■ **Exercise**: Starting with the line that contains "Stylish woman with", repeat exactly every line through the last one in the records below, and leave out the pictures.

■ **Caption-style text data**:
· · · · · · ·
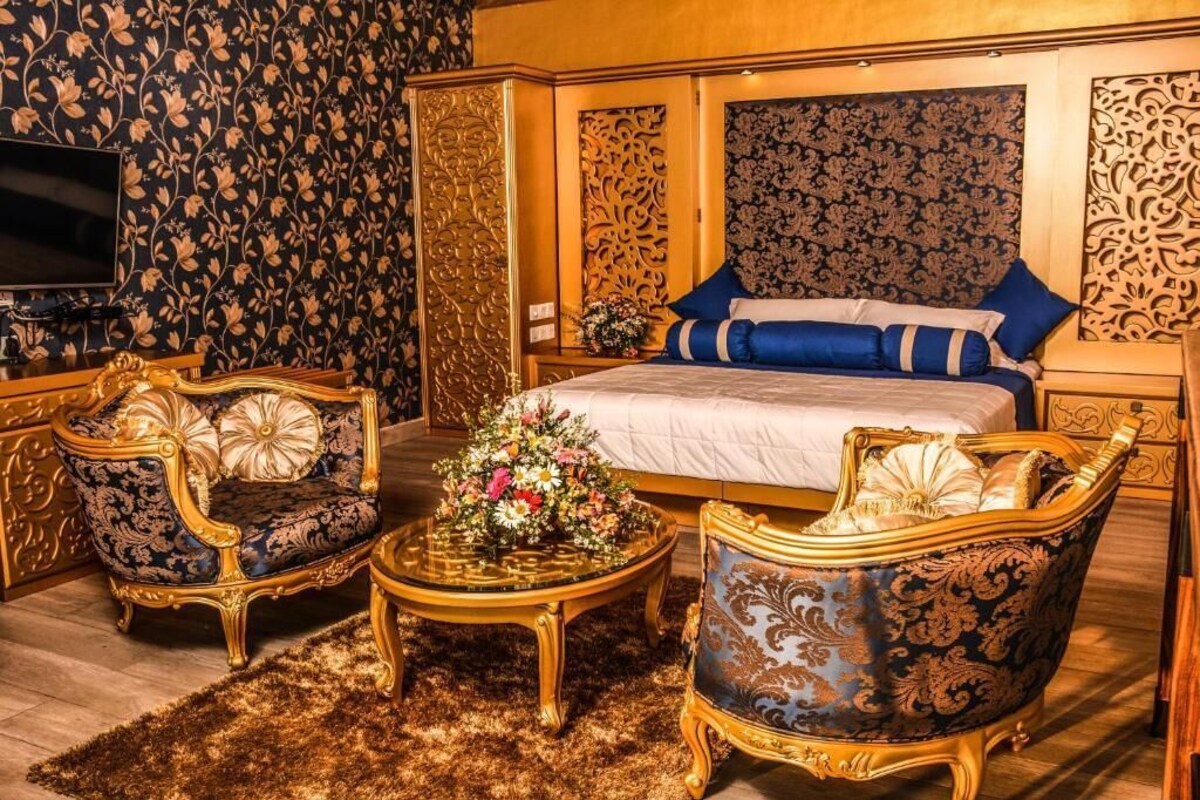 A luxurious bedroom with a large bed, ornate furniture, and floral decorations.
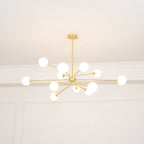 A lit brass Clérachic chandelier with a full spread of white globes, against a pale ceiling and panelled wall.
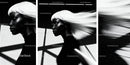 Stylish woman with flowing white hair in urban shadow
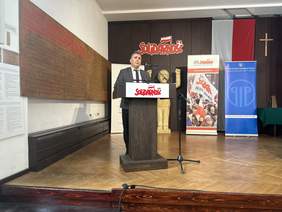 Pokaż zdjęcie: Za drewnianą mównicą stoi mężczyzna w marynarce krawacie i białej koszuli. Mówi do mikrofonu zamontowanego na stojaku.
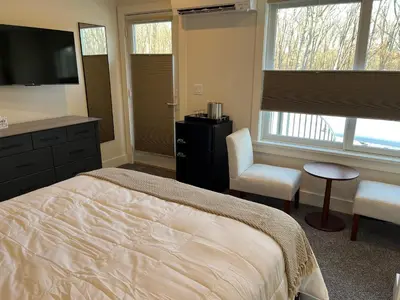 a bedroom with a bed and a chair and a television at Four Seasons For Fun Bed & Breakfast in Lakeville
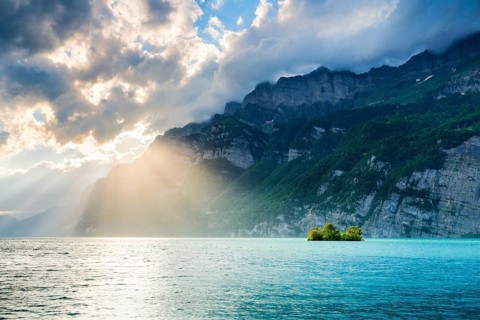 Evening sun rays on Lake Walen with chive island in the turquoise water and mountain range Schären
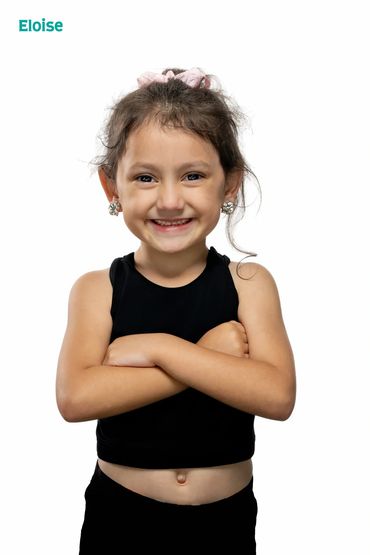 Smiling young girl with arms crossed in black outfit.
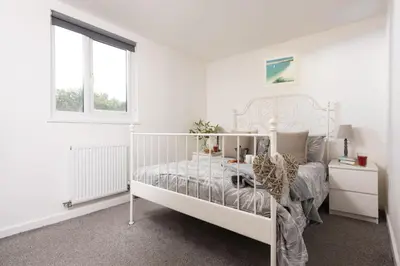 a white bedroom with a white bed and a window at Wheal Prosper- Beautifully Fitted Wooden Lodge Helston Cornwall in Helston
· · · · · · ·
■ **Solution for this task**:
 Stylish woman with flowing white hair in urban shadow
 Pokaż zdjęcie: Za drewnianą mównicą stoi mężczyzna w marynarce krawacie i białej koszuli. Mówi do mikrofonu zamontowanego na stojaku.
 a bedroom with a bed and a chair and a television at Four Seasons For Fun Bed & Breakfast in Lakeville
 Evening sun rays on Lake Walen with chive island in the turquoise water and mountain range Schären
 Smiling young girl with arms crossed in black outfit.
 a white bedroom with a white bed and a window at Wheal Prosper- Beautifully Fitted Wooden Lodge Helston Cornwall in Helston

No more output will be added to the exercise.